--- Given records ---
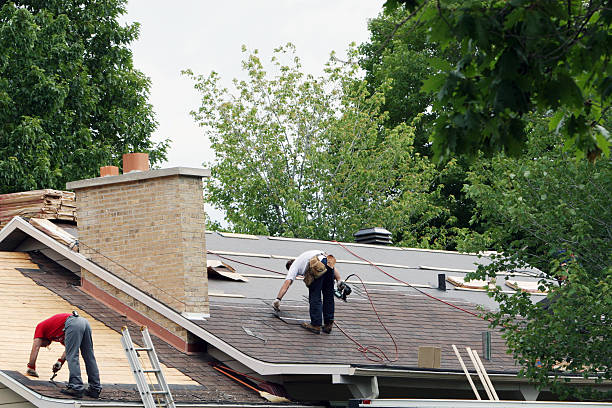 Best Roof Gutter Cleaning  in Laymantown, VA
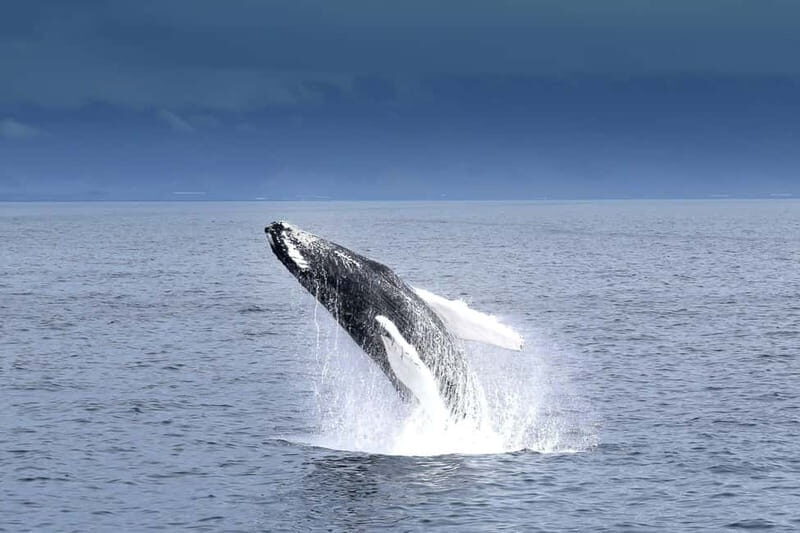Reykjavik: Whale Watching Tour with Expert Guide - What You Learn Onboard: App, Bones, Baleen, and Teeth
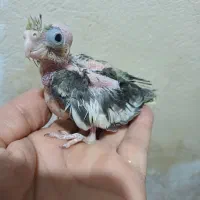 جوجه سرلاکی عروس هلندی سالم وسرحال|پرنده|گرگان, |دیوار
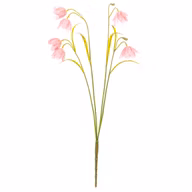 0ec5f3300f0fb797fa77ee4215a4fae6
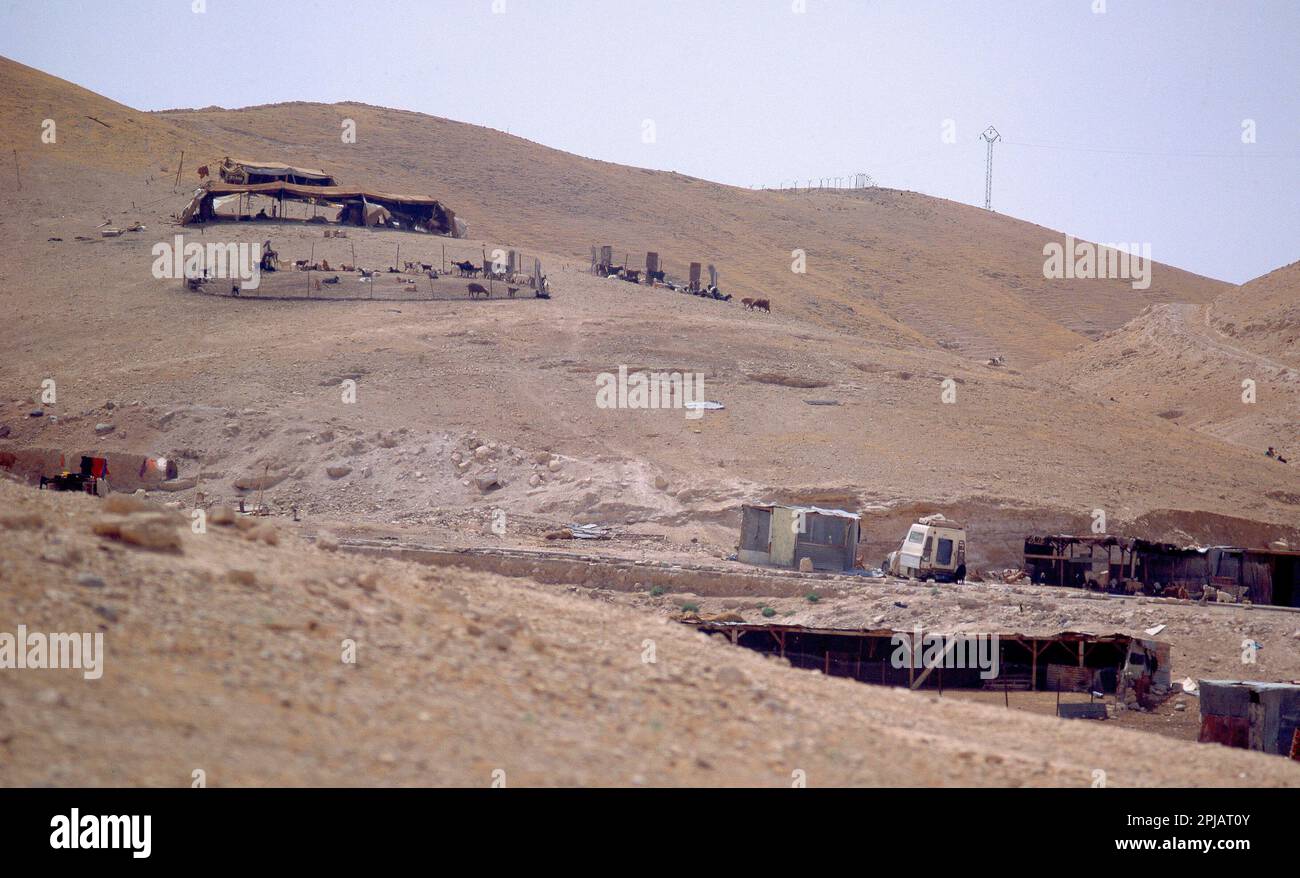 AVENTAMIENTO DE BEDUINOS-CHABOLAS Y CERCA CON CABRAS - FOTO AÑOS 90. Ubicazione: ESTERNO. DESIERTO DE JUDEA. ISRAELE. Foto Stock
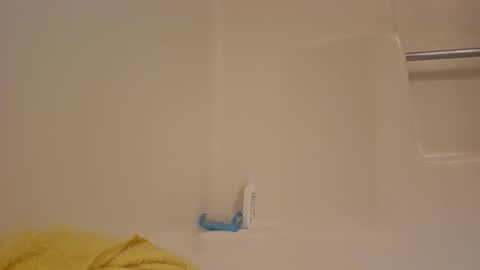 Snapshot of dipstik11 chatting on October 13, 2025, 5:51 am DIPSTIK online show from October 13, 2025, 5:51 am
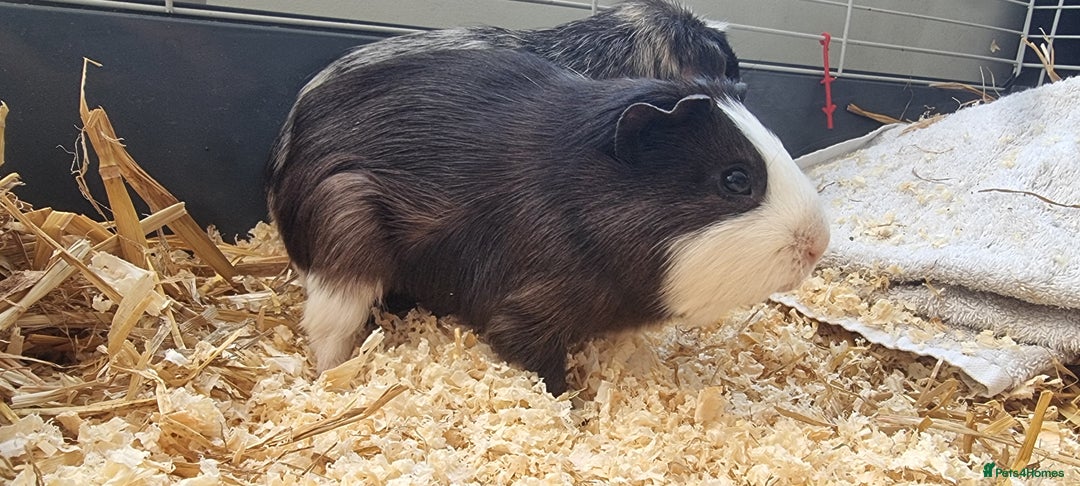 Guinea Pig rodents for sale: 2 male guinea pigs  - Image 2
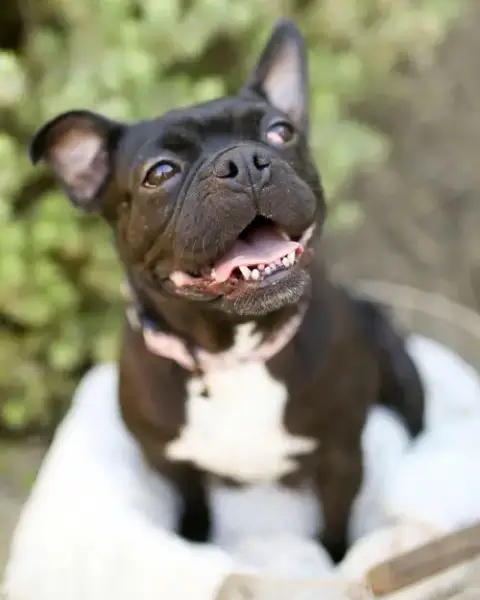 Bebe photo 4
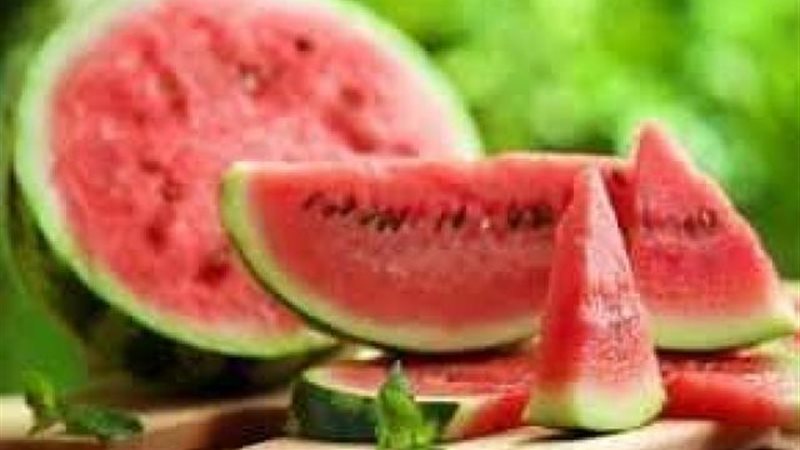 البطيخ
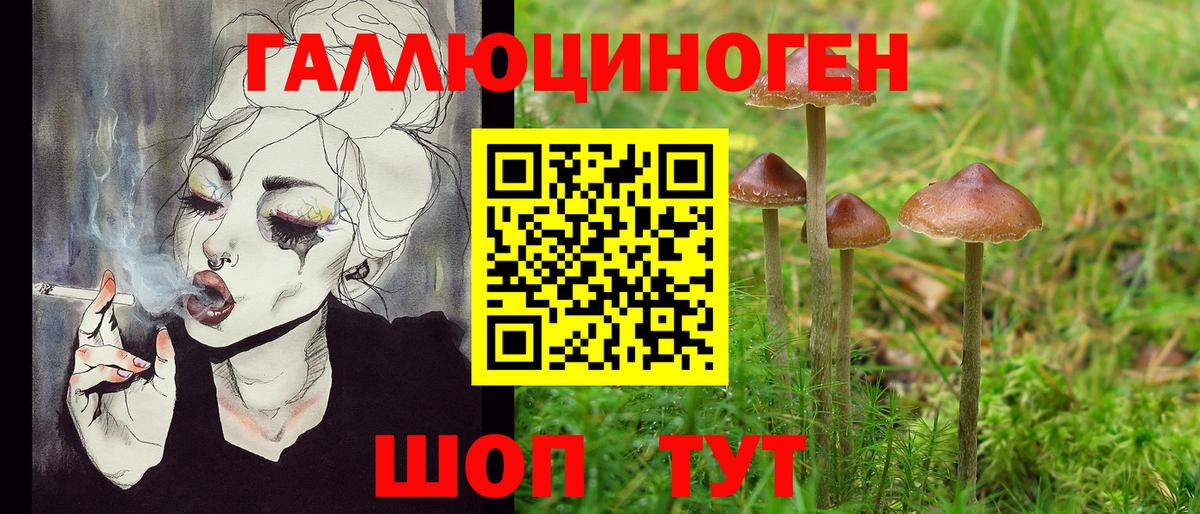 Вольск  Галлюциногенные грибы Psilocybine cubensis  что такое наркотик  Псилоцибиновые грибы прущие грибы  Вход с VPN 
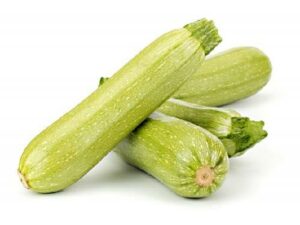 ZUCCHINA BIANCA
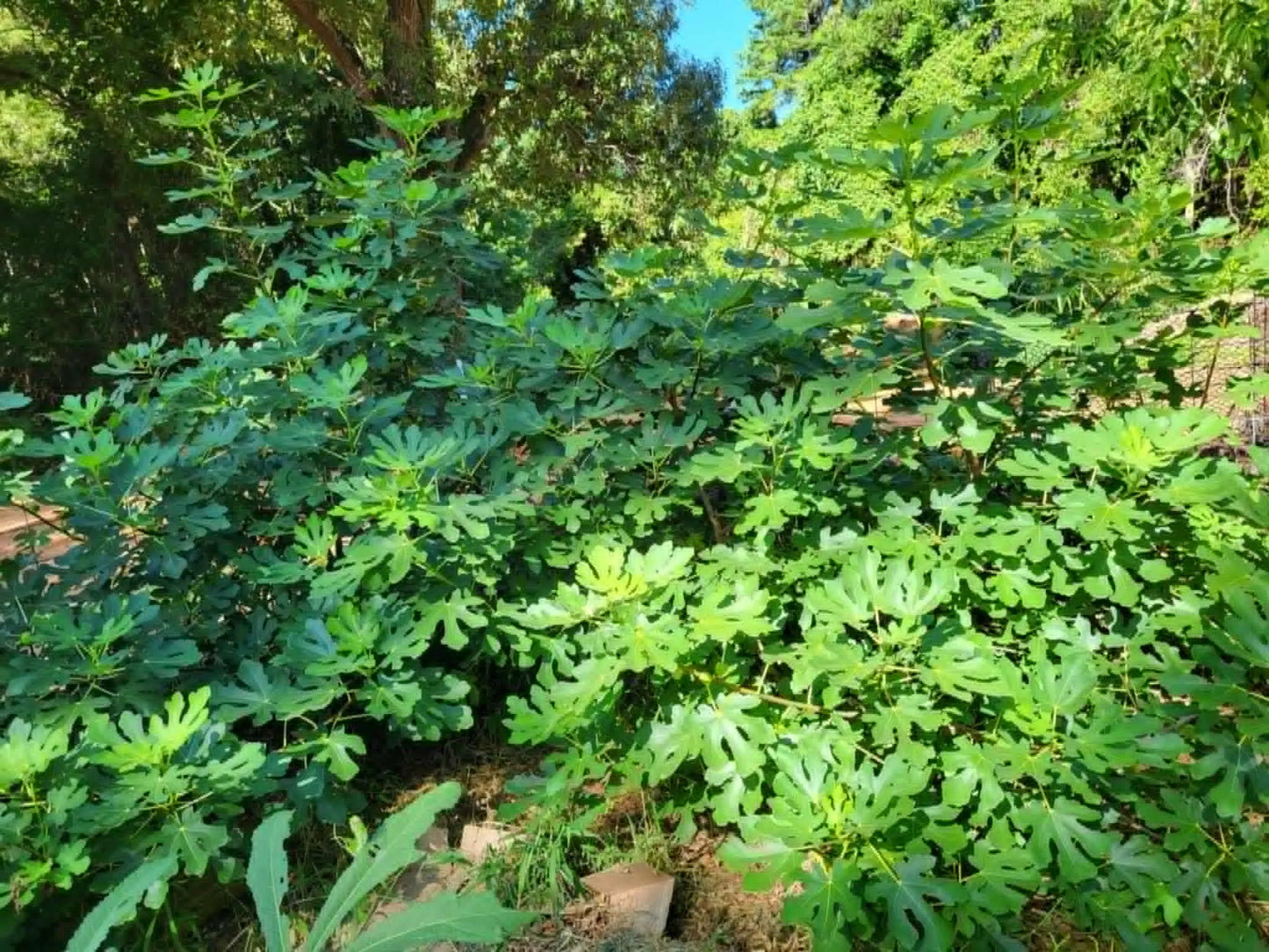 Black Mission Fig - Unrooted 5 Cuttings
---
- **Assigned task**
Copy exactly the lines from the line that contains "0ec5f3300f0fb797fa77ee4215a4fae6" through the last line of the records above, both ends included, but leave out the pictures.

- **Solution to this exercise**
 0ec5f3300f0fb797fa77ee4215a4fae6
 AVENTAMIENTO DE BEDUINOS-CHABOLAS Y CERCA CON CABRAS - FOTO AÑOS 90. Ubicazione: ESTERNO. DESIERTO DE JUDEA. ISRAELE. Foto Stock
 Snapshot of dipstik11 chatting on October 13, 2025, 5:51 am DIPSTIK online show from October 13, 2025, 5:51 am
 Guinea Pig rodents for sale: 2 male guinea pigs  - Image 2
 Bebe photo 4
 البطيخ
 Вольск  Галлюциногенные грибы Psilocybine cubensis  что такое наркотик  Псилоцибиновые грибы прущие грибы  Вход с VPN 
 ZUCCHINA BIANCA
 Black Mission Fig - Unrooted 5 Cuttings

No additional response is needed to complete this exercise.